What this task involves: Return the entries verbatim and drop every picture.

Information provided:

+++

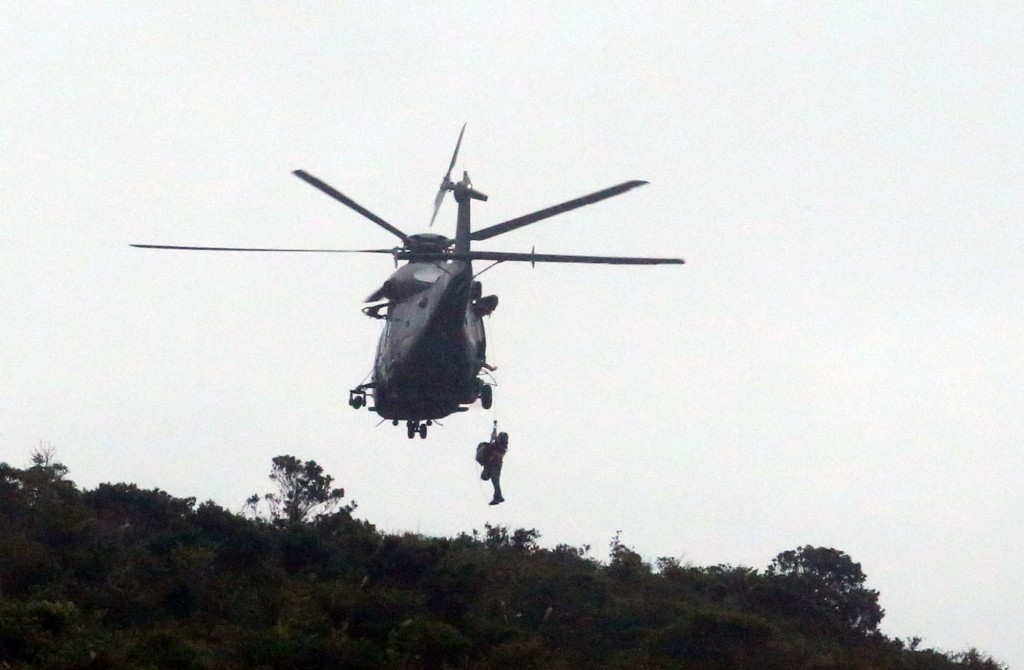 直升機將傷者救起。資料圖片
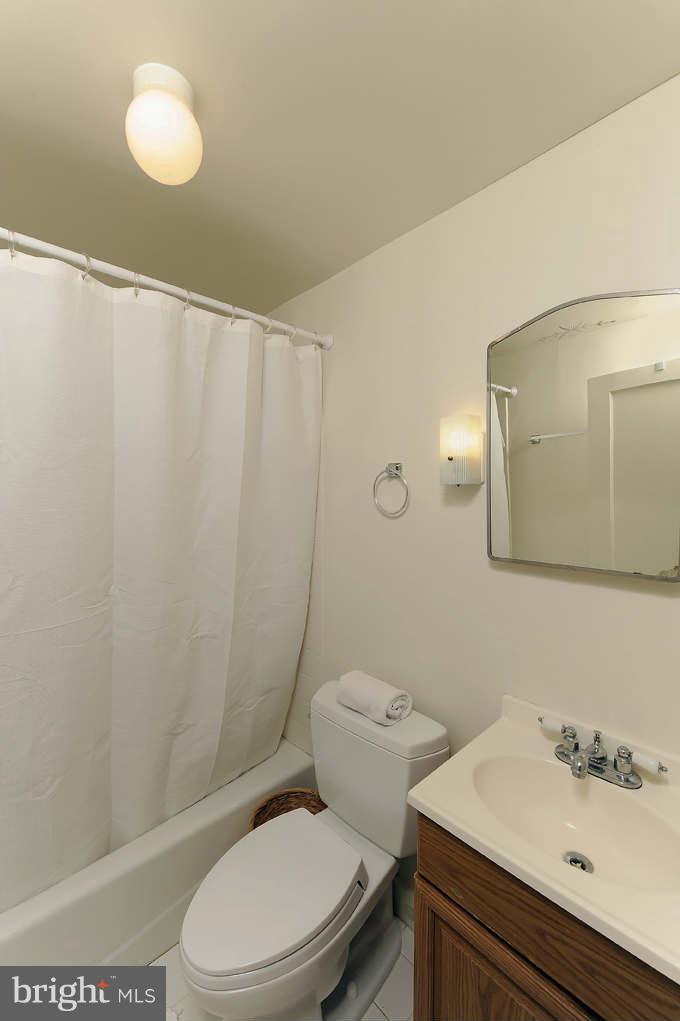 3305 Rectortown Road Marshall, VA 20115 - Photo 7 of 30 Full Bath on 1st floor off Mudroom/Laundry Room.
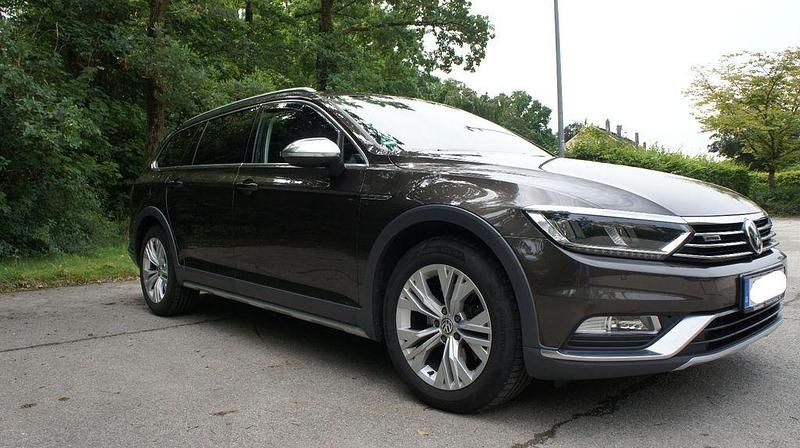Braun Gebraucht 2017 VW Passat Alltrack Kombi | 19.900 € (Guter Preis) - Bild 1/4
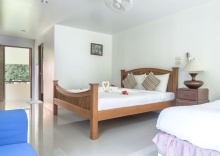 Двухместный номер Deluxe с видом на море двуспальная кровать в Baan Mai Beachfront Phuket Lone Island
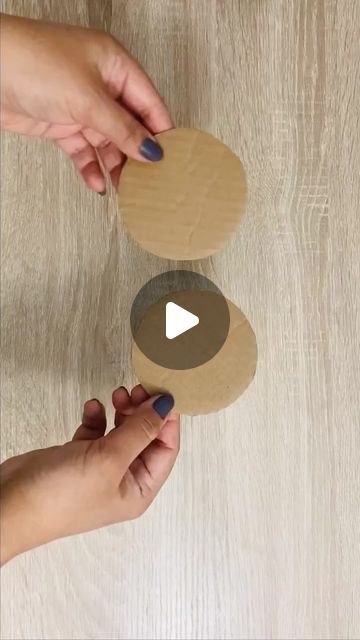 Cute Cardboard Craft Ideas, Creative Paper Craft Ideas, Paper Heart Crafts For Kids, Cardboard And Hot Glue Crafts, Kids Cardboard Crafts, Cardboard Ideas Diy, Home Made Decorations Ideas Creative, Diy And Crafts Ideas Creative, Recycling Arts And Crafts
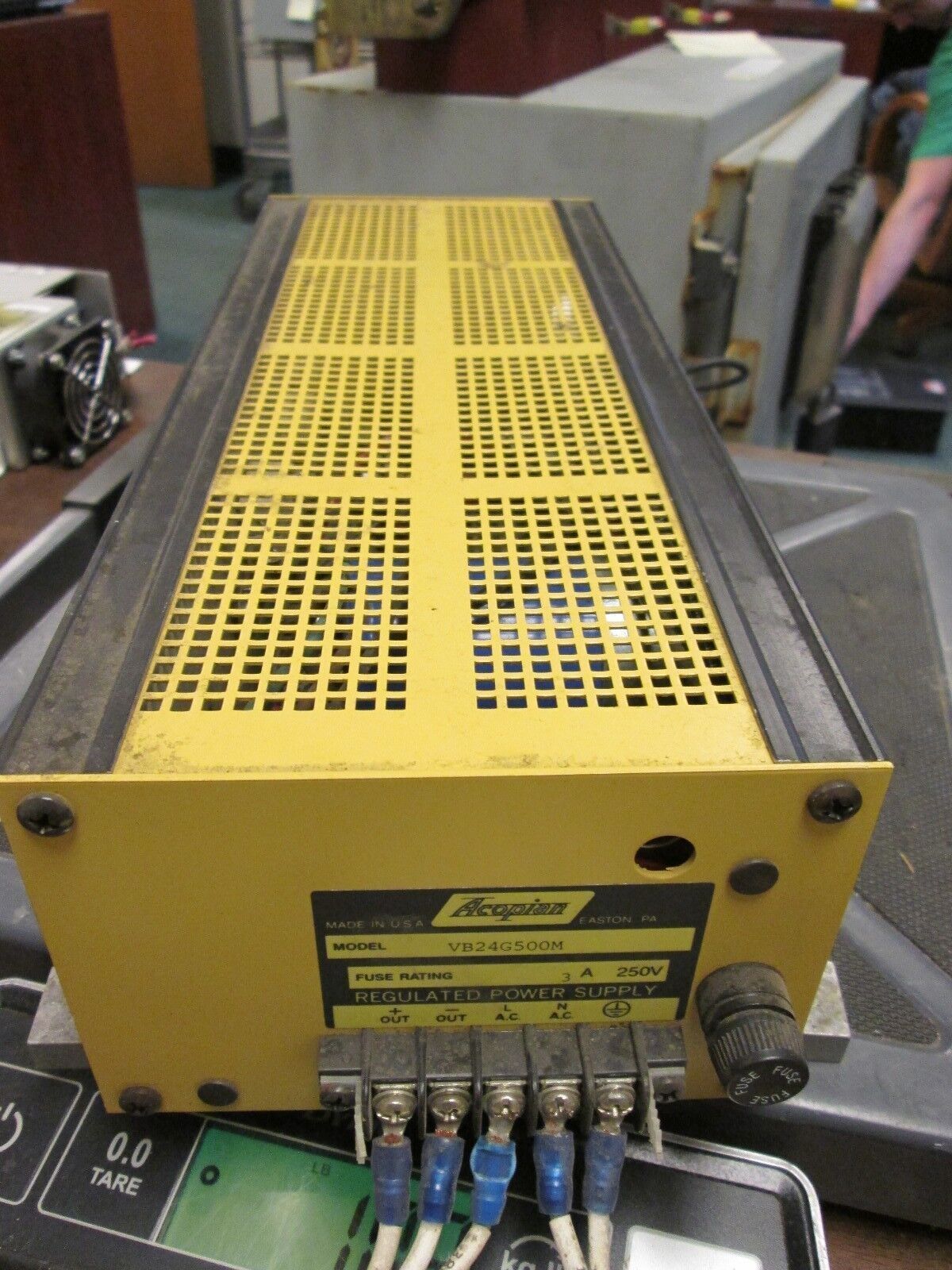 Acopian Regulated Power Supply VB24G500M 3A 250V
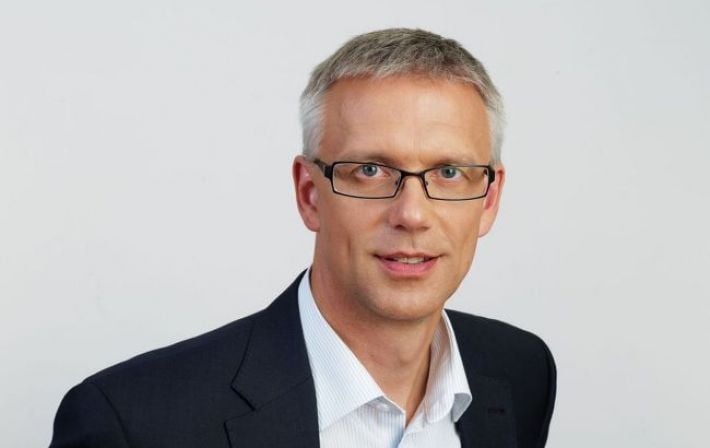 Латвия предоставляет Украине все свои боевые вертолеты, - премьер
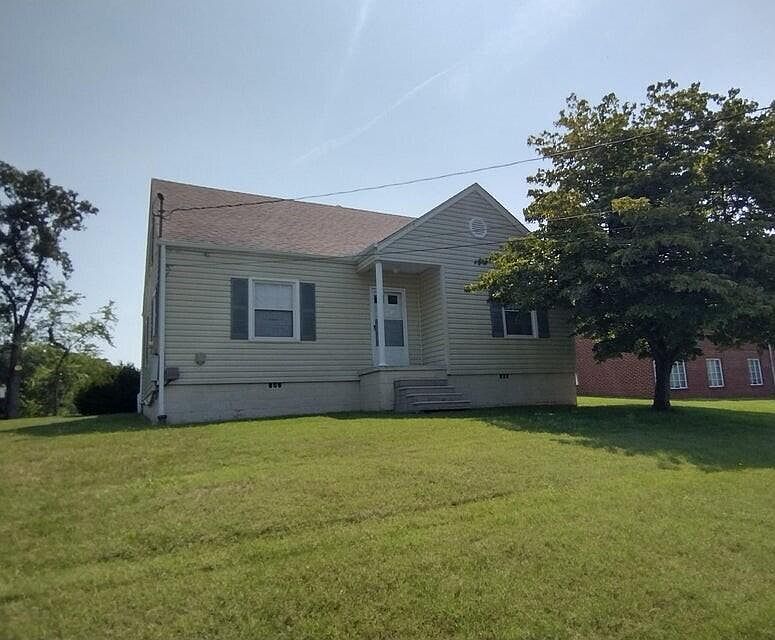 1st image of 2027 Chapel Dr
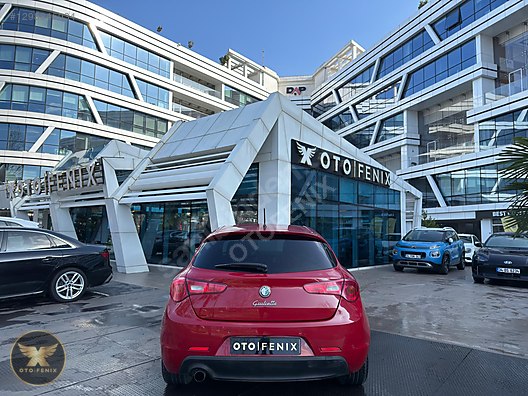 OTOFENİX 2012 GIULIETTA 1.4 TB MULTIAIR DISTINCTIVE 225.000 KM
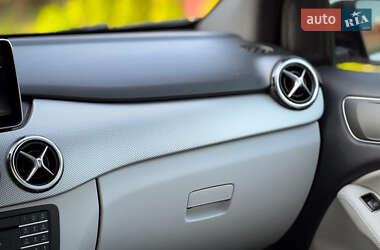 Хэтчбек Mercedes-Benz B-Class 2015 в 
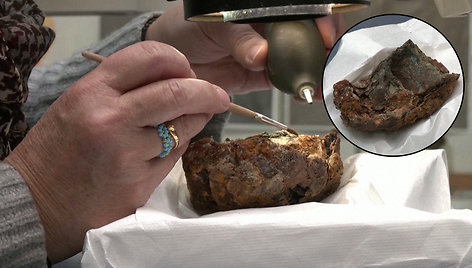 Bavarijoje atrastas 500 metų senumo rankos protezas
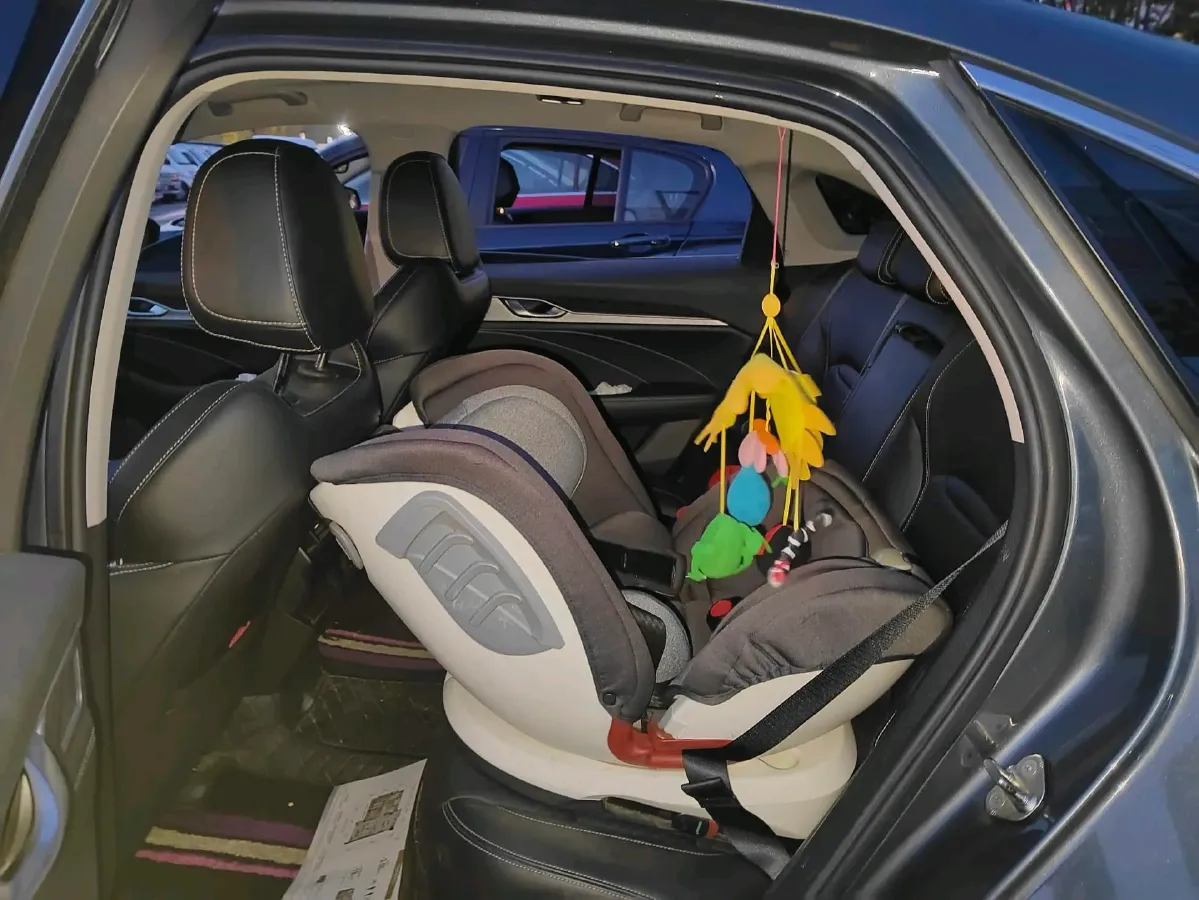 2020 Geely Binray 1.0T 133HP L3 6DCT,autocango,china used car exporter,china ev exporter,chinese used car exporter,chinese used ev exporter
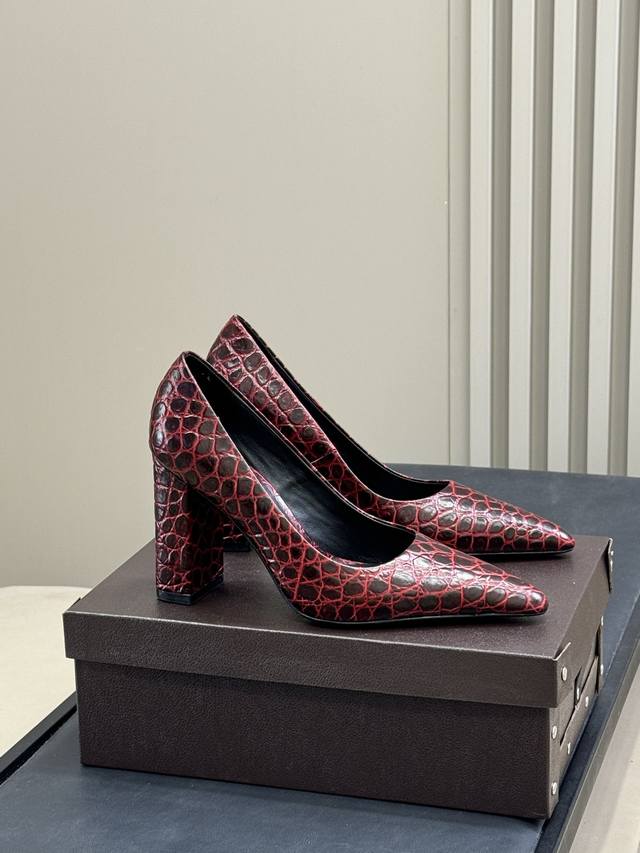 High-quality Alaia 2025 new chunky heel pointed toe single shoes (retailer quali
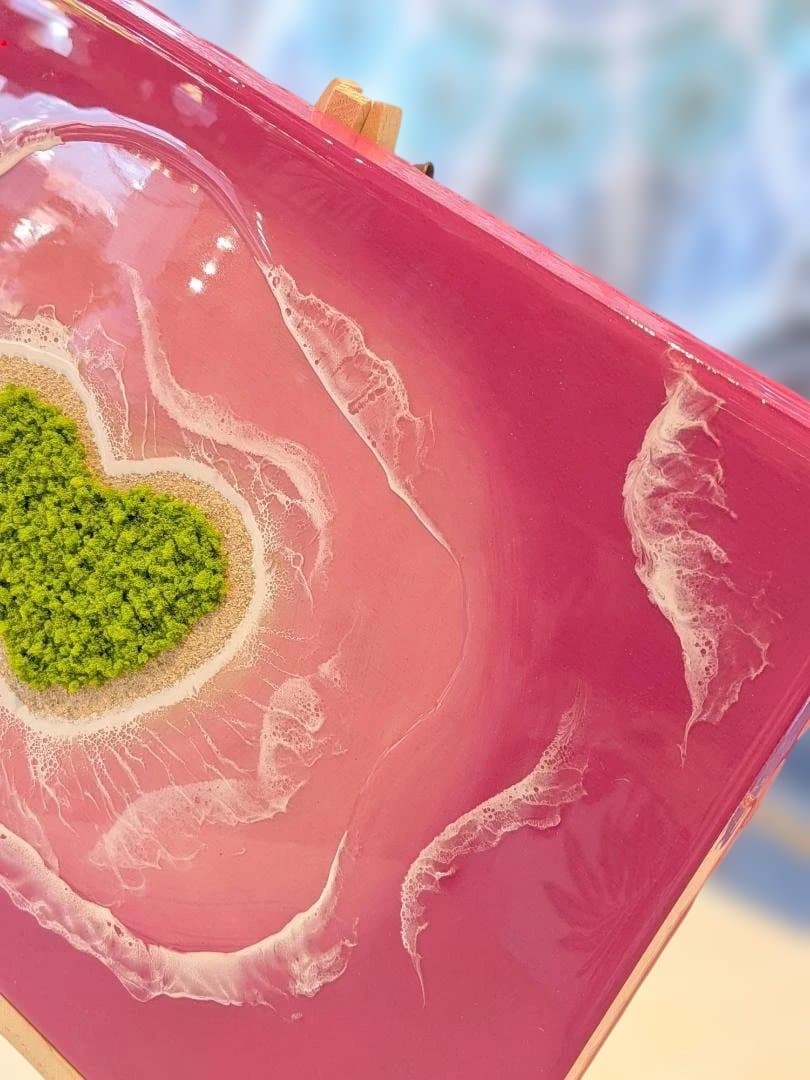 ①F4パネル　ピンク　グリーン ハート　砂浜　レジンアート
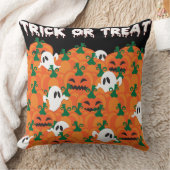 ハロウィーンの幽霊の不気味なカボチャ畑 クッション (ブランケット)
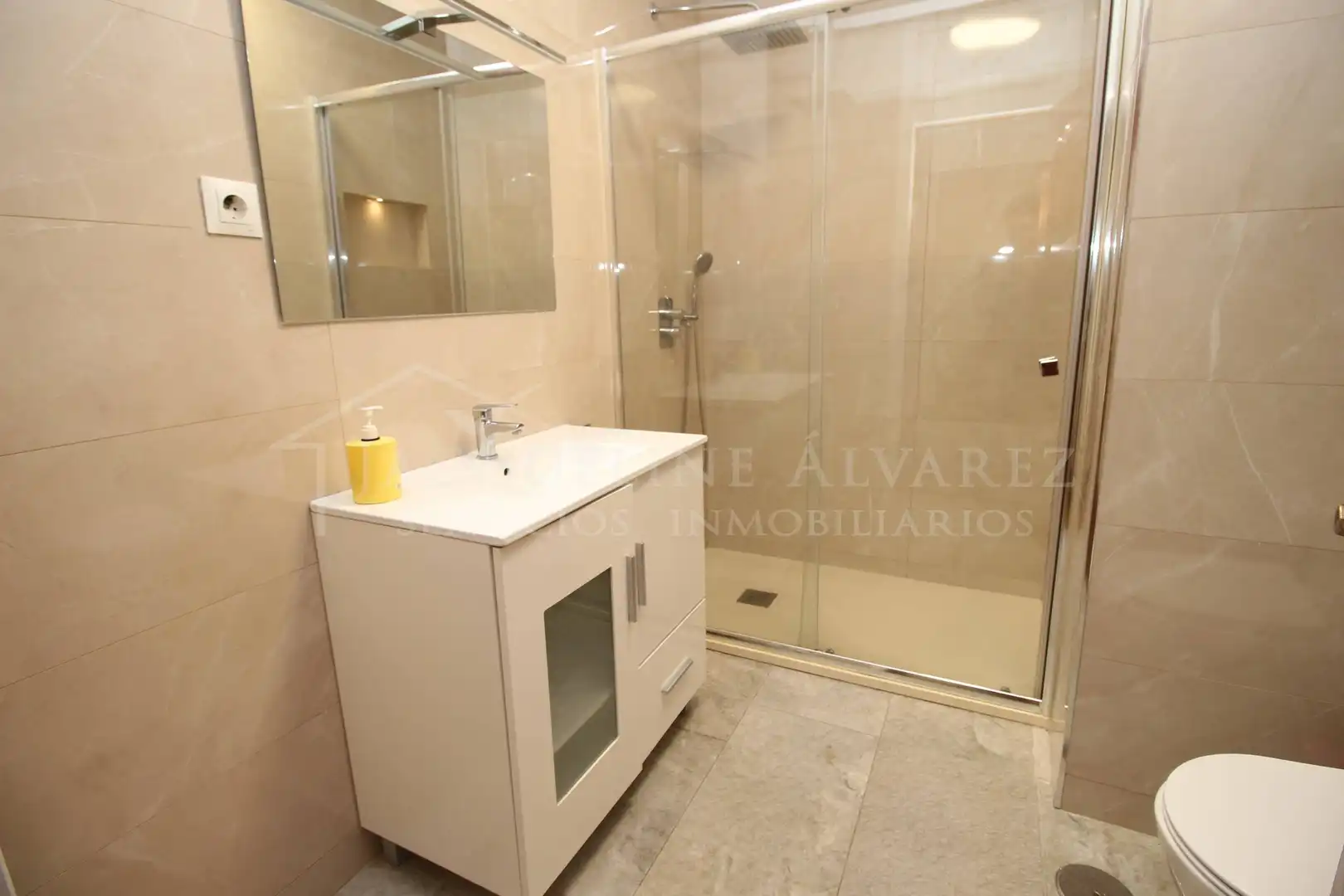 Bathroom of Flat for sale in Parla  with Parquet flooring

+++

Your solution:
 直升機將傷者救起。資料圖片
 3305 Rectortown Road Marshall, VA 20115 - Photo 7 of 30 Full Bath on 1st floor off Mudroom/Laundry Room.
Braun Gebraucht 2017 VW Passat Alltrack Kombi | 19.900 € (Guter Preis) - Bild 1/4
 Двухместный номер Deluxe с видом на море двуспальная кровать в Baan Mai Beachfront Phuket Lone Island
 Cute Cardboard Craft Ideas, Creative Paper Craft Ideas, Paper Heart Crafts For Kids, Cardboard And Hot Glue Crafts, Kids Cardboard Crafts, Cardboard Ideas Diy, Home Made Decorations Ideas Creative, Diy And Crafts Ideas Creative, Recycling Arts And Crafts
 Acopian Regulated Power Supply VB24G500M 3A 250V
 Латвия предоставляет Украине все свои боевые вертолеты, - премьер
 1st image of 2027 Chapel Dr
 OTOFENİX 2012 GIULIETTA 1.4 TB MULTIAIR DISTINCTIVE 225.000 KM
 Хэтчбек Mercedes-Benz B-Class 2015 в 
 Bavarijoje atrastas 500 metų senumo rankos protezas
 2020 Geely Binray 1.0T 133HP L3 6DCT,autocango,china used car exporter,china ev exporter,chinese used car exporter,chinese used ev exporter
 High-quality Alaia 2025 new chunky heel pointed toe single shoes (retailer quali
 ①F4パネル　ピンク　グリーン ハート　砂浜　レジンアート
 ハロウィーンの幽霊の不気味なカボチャ畑 クッション (ブランケット)
 Bathroom of Flat for sale in Parla  with Parquet flooring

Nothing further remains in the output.